Asterisk – massively speeding up those REGISTER requests

So recently I started bumping into an issue where I would see a buildup of traffic in the RX queue of asterisk’s SIP port 5060 (udp bound). After some scavenging of the code I quickly came to realize that asterisk only processes a single incoming SIP request (or response) at a time. So I cooked a rather crude patch (that I for the shame of it won’t share here) in an attempt to figure out what went wrong.

I set an arbitrary limit to log SIP requests taking longer than 100ms to process and it very quickly became apparent that REGISTER packets were the only ones triggering this. I dug deeper and logged the time taken for each and every SIP packet, and it was quite scary to learn that the far majority of packets was dealt with in under 100us (yes, micro-seconds), so why was REGISTERs such an order of magnitude slower?

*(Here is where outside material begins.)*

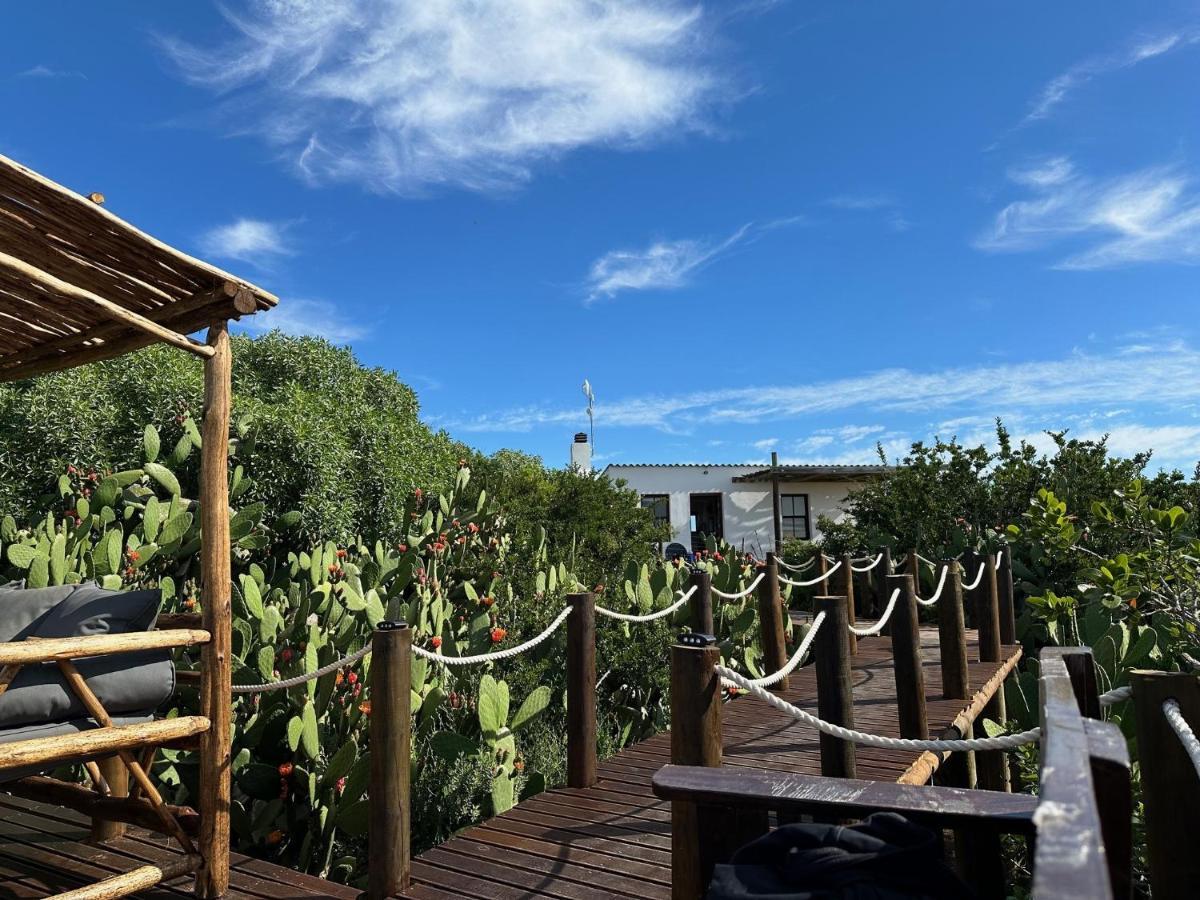 Ostrich Cottage At Les Wings Private Game Farm Groot-Jongensfontein Екстер'єр фото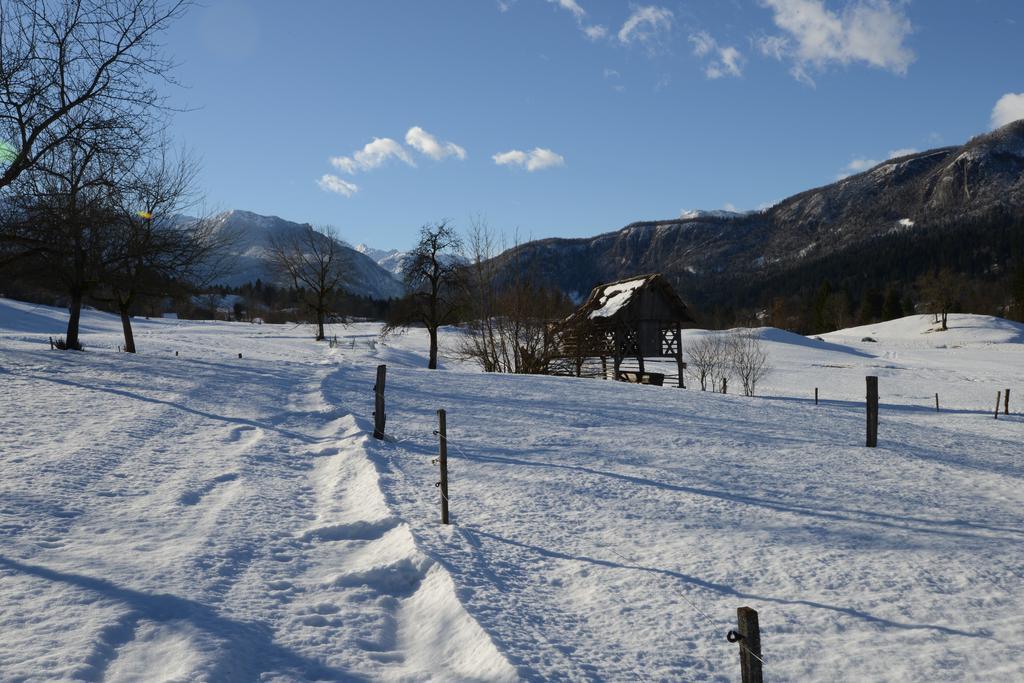 Apartment Dijak Bohinj Bagian luar foto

A few questions was raised, and some flames thrown in #asterisk and the blame went everywhere except the total lack of parallel processing in chan_sip, everything from heavy network IO, reverse DNS lookups right through to the OS got blamed. As it turns out, the astdb should have took it. I got one of my clients whose an absolute wizzard with MS Excel to graph the badness of the RX queue for me and it became clear that things are worse between 22:00 and 2:00 (when our backups run), but that it was nowhere near perfect at other times. We were at times losing requests simply because there wasn’t sufficient buffer-space for the socket!

We’ve logged numerous cases of SIP REGISTER requests taking over 300ms, but typically between 150 and 250ms when the system was not under heavy IO load, but up to 2.6s during backup runs. Needless to say, this explained a few strange things we’ve experienced over the last few months.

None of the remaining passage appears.